Gentrification, often used to spur economic development, increases residential stock and property values but displaces low-income homeowners and renters. When big-box stores stimulate economic growth, they often drive out small businesses.
As a solution, Prince proposed a focus on small businesses and enterprises.
“We’ve begun to establish a knowledgeable economic development team willing to cooperate with properly vetted legitimate investors and entrepreneurs. We will encourage local financial institutions to bond viable and micro business enterprises. We will aggressively market this city with the Regional Development Authority to target enterprises compatible with our requirements and our goals,” said Prince. “To be realistic, turning this city around won’t happen overnight.
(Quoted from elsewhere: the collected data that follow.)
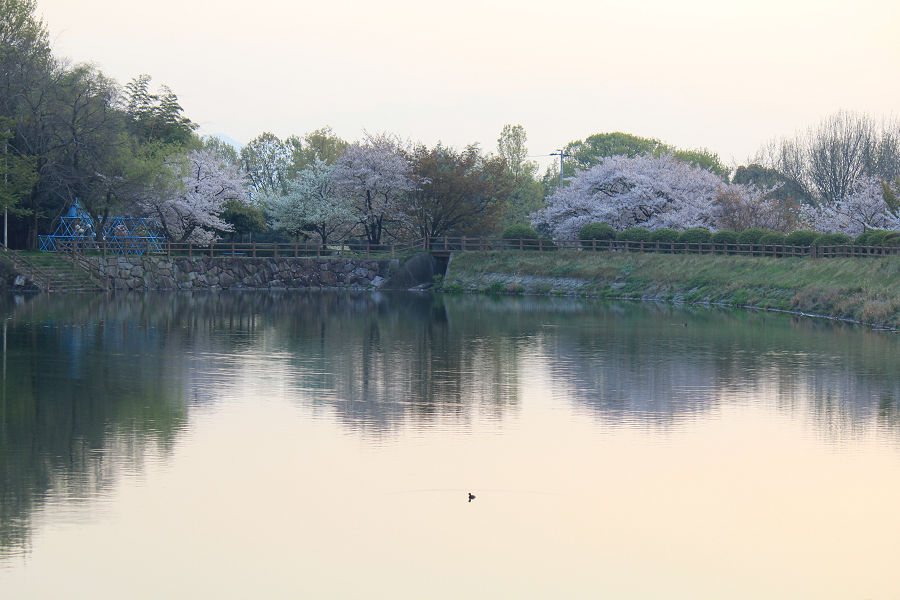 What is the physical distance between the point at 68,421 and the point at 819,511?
11976 millimetres

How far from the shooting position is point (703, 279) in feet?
201

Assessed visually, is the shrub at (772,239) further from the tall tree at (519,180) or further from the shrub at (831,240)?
the tall tree at (519,180)

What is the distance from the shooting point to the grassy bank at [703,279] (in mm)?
46906

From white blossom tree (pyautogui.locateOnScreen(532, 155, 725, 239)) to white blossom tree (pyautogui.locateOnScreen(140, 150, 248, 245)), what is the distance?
24.5 meters

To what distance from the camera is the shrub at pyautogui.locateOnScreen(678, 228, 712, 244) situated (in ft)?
222

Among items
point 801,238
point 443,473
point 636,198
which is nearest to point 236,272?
point 636,198

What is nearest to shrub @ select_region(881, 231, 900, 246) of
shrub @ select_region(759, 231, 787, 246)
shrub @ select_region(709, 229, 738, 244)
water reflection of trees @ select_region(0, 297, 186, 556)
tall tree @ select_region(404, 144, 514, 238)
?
shrub @ select_region(759, 231, 787, 246)

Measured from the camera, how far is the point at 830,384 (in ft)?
79.4

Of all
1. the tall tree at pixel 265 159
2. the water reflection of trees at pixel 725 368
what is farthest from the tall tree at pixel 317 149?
the water reflection of trees at pixel 725 368

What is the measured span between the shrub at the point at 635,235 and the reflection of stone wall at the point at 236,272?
15.8 m

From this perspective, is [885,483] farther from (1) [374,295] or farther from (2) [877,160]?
(2) [877,160]

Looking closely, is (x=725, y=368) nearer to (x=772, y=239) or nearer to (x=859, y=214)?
(x=772, y=239)

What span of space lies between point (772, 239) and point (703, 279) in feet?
16.9

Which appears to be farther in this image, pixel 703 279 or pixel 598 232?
pixel 598 232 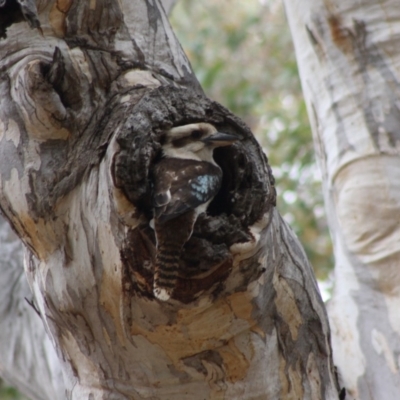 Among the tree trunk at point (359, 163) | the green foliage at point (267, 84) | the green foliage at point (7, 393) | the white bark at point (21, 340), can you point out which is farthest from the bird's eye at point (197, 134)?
the green foliage at point (7, 393)

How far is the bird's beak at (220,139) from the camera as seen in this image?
3.15 ft

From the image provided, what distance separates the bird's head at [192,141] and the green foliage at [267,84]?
2573mm

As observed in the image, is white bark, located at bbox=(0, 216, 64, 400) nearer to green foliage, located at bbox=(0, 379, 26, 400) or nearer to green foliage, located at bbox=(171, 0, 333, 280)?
green foliage, located at bbox=(0, 379, 26, 400)

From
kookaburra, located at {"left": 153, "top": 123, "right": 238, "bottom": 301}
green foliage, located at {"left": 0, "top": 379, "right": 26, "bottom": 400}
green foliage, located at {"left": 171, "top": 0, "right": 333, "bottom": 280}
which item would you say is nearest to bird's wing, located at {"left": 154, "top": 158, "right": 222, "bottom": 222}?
kookaburra, located at {"left": 153, "top": 123, "right": 238, "bottom": 301}

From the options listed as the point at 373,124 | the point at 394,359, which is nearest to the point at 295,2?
the point at 373,124

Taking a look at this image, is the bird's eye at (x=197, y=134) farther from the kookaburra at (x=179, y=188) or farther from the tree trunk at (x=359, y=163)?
the tree trunk at (x=359, y=163)

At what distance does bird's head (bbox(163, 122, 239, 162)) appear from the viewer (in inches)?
37.5

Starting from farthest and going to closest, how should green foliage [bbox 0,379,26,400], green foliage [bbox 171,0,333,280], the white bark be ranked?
green foliage [bbox 171,0,333,280]
green foliage [bbox 0,379,26,400]
the white bark

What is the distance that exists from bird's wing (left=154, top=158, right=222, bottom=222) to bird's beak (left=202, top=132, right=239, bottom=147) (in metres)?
0.03

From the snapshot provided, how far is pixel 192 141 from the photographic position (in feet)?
3.15

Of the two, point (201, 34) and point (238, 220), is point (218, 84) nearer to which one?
point (201, 34)

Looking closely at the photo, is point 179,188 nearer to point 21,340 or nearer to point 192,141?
point 192,141

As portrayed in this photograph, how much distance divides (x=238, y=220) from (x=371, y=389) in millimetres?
646

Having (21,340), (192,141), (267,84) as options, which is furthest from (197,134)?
(267,84) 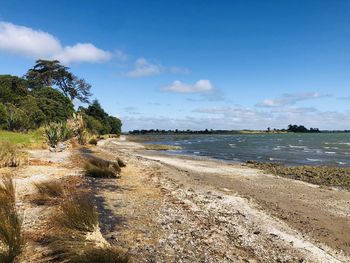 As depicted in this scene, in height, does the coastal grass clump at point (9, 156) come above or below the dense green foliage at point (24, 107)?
below

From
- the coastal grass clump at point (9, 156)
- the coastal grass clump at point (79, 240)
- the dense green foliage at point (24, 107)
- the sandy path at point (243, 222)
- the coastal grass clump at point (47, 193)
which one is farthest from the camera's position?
the dense green foliage at point (24, 107)

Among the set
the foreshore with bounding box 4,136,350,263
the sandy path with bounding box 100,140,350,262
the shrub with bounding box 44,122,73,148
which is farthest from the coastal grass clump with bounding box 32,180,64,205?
the shrub with bounding box 44,122,73,148

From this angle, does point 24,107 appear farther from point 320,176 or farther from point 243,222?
point 243,222

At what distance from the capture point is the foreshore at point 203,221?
682cm

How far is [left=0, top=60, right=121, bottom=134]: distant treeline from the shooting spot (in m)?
38.5

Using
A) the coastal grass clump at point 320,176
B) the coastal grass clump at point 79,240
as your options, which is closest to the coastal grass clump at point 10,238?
the coastal grass clump at point 79,240

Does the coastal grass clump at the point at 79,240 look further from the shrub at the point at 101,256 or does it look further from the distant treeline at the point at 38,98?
the distant treeline at the point at 38,98

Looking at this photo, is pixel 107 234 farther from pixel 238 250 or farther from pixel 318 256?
pixel 318 256

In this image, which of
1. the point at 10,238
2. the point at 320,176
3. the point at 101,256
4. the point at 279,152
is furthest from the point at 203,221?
the point at 279,152

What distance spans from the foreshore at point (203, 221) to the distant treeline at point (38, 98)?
25.7 metres

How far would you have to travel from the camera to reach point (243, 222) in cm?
958

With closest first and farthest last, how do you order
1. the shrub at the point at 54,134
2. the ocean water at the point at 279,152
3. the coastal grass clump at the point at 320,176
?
the coastal grass clump at the point at 320,176 → the shrub at the point at 54,134 → the ocean water at the point at 279,152

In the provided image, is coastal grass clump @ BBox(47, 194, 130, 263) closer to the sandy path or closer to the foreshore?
the foreshore

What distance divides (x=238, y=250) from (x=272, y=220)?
346cm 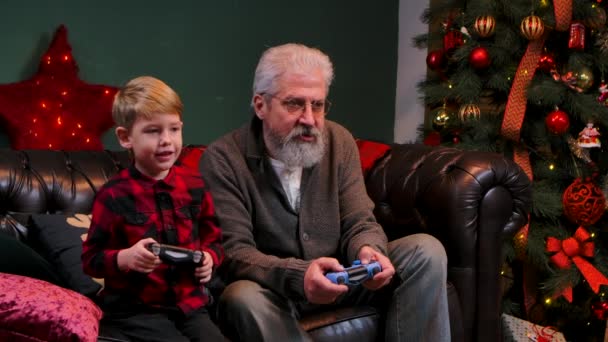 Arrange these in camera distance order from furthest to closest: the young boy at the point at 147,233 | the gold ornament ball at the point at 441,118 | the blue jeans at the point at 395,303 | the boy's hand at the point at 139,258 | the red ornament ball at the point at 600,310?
1. the gold ornament ball at the point at 441,118
2. the red ornament ball at the point at 600,310
3. the blue jeans at the point at 395,303
4. the young boy at the point at 147,233
5. the boy's hand at the point at 139,258

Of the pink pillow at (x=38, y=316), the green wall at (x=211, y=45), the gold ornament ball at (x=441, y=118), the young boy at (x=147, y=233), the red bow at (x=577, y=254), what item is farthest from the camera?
the gold ornament ball at (x=441, y=118)

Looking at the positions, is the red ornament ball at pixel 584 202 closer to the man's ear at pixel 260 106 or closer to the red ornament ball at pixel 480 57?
the red ornament ball at pixel 480 57

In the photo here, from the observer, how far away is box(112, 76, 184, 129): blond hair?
1626mm

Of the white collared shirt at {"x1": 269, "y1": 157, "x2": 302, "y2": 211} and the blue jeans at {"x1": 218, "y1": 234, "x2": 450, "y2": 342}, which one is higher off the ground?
the white collared shirt at {"x1": 269, "y1": 157, "x2": 302, "y2": 211}

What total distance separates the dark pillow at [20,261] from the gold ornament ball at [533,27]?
2.04 metres

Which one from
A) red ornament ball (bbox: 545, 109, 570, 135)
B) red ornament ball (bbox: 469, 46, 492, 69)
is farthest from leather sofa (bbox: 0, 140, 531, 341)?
red ornament ball (bbox: 469, 46, 492, 69)

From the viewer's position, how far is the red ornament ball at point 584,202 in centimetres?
280

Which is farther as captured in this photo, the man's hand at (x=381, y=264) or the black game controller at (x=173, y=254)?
the man's hand at (x=381, y=264)

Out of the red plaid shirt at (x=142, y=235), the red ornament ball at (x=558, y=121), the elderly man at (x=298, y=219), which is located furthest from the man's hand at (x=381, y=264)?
the red ornament ball at (x=558, y=121)

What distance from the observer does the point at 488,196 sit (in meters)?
2.22

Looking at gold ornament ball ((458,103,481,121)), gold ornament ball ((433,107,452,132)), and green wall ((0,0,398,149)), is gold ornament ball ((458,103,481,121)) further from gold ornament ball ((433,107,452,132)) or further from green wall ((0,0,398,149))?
green wall ((0,0,398,149))

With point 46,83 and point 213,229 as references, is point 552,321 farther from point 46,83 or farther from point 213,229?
point 46,83

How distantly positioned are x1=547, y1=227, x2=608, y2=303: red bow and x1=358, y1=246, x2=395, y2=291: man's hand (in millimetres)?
1298

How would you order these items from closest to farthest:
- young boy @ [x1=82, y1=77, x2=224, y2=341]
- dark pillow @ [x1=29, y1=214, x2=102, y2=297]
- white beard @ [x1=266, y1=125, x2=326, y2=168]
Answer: young boy @ [x1=82, y1=77, x2=224, y2=341]
dark pillow @ [x1=29, y1=214, x2=102, y2=297]
white beard @ [x1=266, y1=125, x2=326, y2=168] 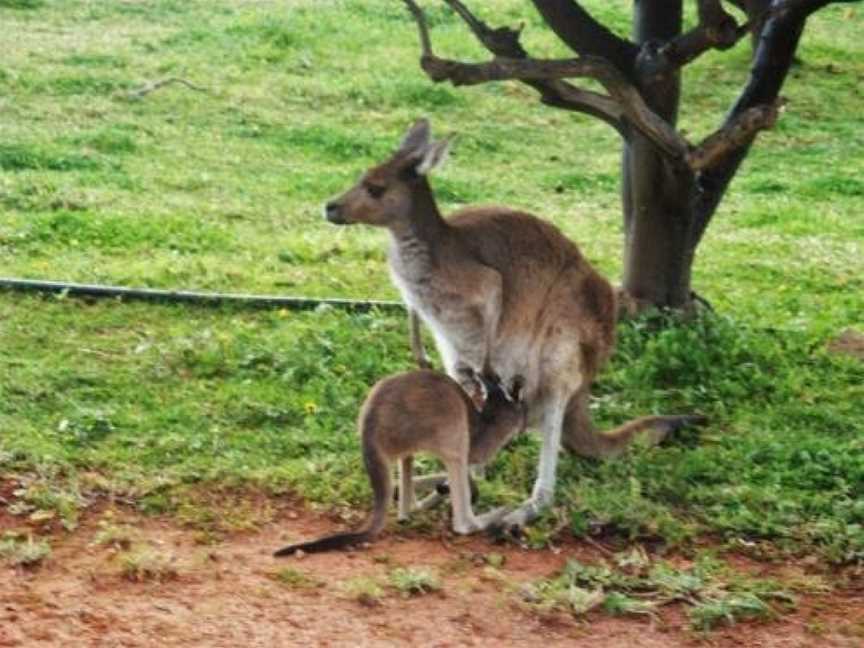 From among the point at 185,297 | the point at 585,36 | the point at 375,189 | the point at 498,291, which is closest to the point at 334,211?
the point at 375,189

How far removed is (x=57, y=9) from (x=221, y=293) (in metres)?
9.33

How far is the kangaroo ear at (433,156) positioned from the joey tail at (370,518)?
113 cm

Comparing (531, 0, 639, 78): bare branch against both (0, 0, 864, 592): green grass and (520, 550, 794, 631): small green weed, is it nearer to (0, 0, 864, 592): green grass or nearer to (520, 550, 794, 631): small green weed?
(0, 0, 864, 592): green grass

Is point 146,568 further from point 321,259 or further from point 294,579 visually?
point 321,259

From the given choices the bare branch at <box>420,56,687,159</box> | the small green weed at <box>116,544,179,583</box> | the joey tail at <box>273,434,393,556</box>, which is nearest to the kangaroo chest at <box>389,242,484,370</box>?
the joey tail at <box>273,434,393,556</box>

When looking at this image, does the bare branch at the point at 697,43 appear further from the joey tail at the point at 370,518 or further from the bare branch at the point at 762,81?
the joey tail at the point at 370,518

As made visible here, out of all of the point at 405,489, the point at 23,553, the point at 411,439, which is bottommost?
the point at 23,553

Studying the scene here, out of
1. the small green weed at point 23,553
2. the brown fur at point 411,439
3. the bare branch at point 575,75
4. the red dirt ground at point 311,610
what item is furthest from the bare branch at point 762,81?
the small green weed at point 23,553

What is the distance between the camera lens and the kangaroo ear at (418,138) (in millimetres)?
6160

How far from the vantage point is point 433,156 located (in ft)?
20.0

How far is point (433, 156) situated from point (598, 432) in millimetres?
1221

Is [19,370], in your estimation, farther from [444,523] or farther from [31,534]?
[444,523]

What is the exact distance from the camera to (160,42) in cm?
1549

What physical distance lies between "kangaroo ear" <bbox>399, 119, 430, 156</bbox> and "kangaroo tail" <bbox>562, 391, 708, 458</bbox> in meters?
1.09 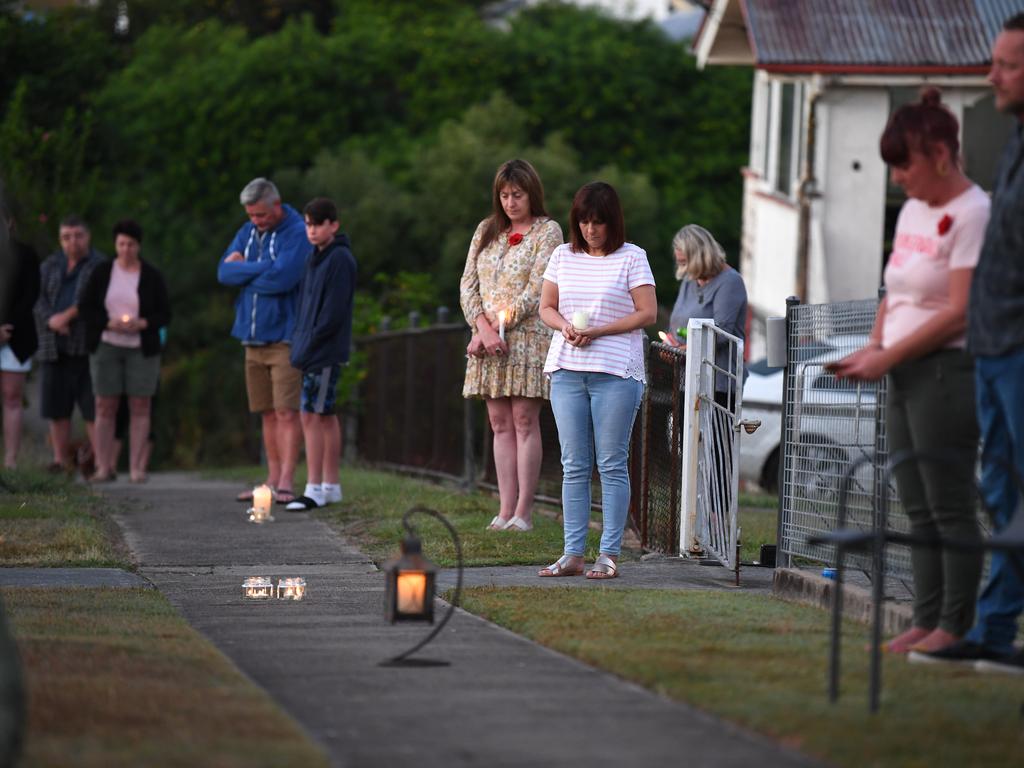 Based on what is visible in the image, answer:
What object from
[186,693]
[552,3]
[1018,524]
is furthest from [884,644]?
[552,3]

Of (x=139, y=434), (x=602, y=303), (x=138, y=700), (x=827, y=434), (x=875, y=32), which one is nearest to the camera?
(x=138, y=700)

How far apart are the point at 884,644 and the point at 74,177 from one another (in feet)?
71.8

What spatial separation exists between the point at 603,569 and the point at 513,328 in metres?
2.01

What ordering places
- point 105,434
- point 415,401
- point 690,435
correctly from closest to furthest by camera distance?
1. point 690,435
2. point 105,434
3. point 415,401

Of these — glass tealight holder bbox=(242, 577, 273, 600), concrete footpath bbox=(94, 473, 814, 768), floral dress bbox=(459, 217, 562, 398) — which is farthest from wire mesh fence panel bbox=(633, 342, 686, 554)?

But, as I said earlier, if we’re all prepared to join in, I believe that we can begin to realize immediate successes.”
Representative Earl Harris expressed enthusiasm about Gary’s economic development noting, “I’m looking forward to working with the new mayor and the new administration. I’m actually carrying a piece of legislation that the mayor and I met about a few months ago to advance what’s going on in Gary, really aimed at advancing what Gary can do with the Lakefront.”
Many believe 2020 will bring new hope and a clear vision for Gary.
“I think that the city is going to see a progression. I’m looking forward to thinking outside of the box and working together collectively because that is what is going to take us to the next level,” said newly elected Councilwoman Tai Adkins.
Gary investor and attorney Sabrina Haake said, “Adjustments may not always be easy, but the promise of Gary’s reward will be worth the effort. I think 2020 is going to be Gary’s year.”
Prince talked about plans to glean from the success of the neighboring cities when he takes office in the new year.
Prince said he is eager and excited about getting to work in City Hall standing on the shoulders of former Mayor Richard G. Hatcher and supported by citizens anxious to see the city’s new vision realized.